Start of Recorded data
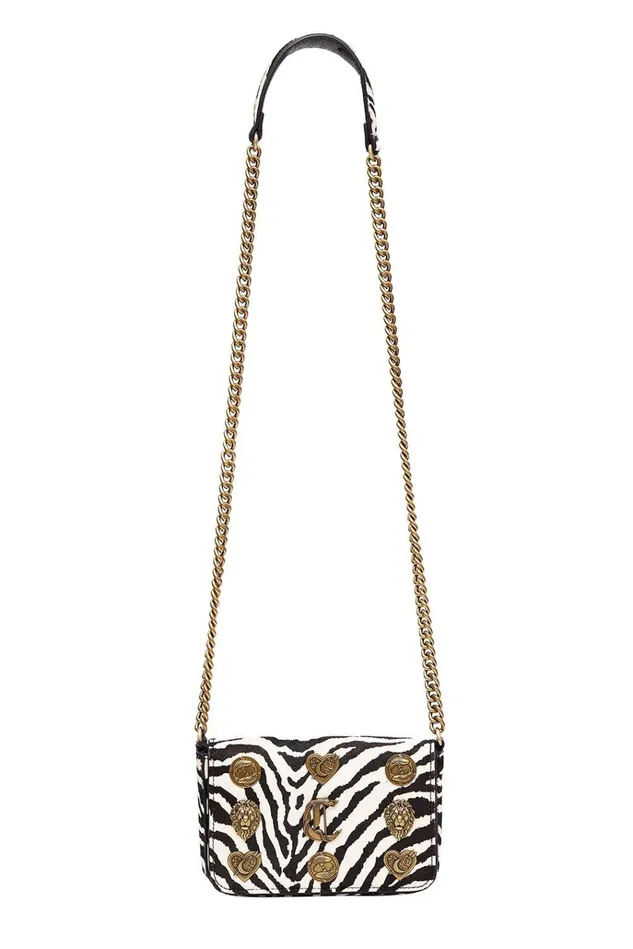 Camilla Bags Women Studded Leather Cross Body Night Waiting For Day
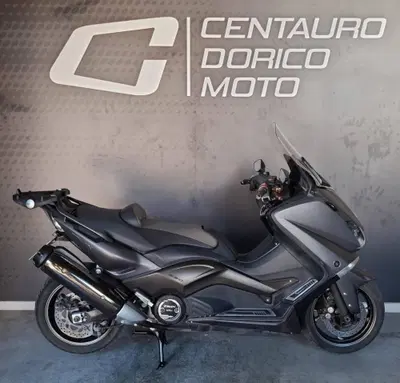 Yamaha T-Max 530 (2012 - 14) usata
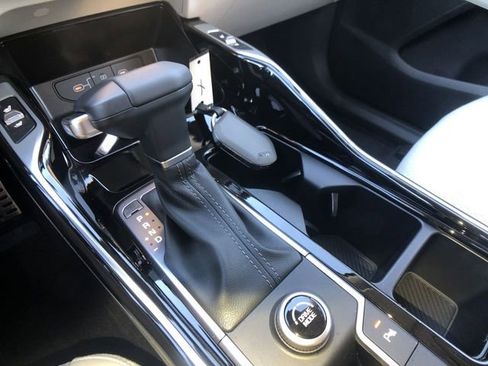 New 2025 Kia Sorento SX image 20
End of Recorded data
Print the material above exactly as it appears, but not its pictures.

▶ [Result of this exercise]:
 Camilla Bags Women Studded Leather Cross Body Night Waiting For Day
 Yamaha T-Max 530 (2012 - 14) usata
 New 2025 Kia Sorento SX image 20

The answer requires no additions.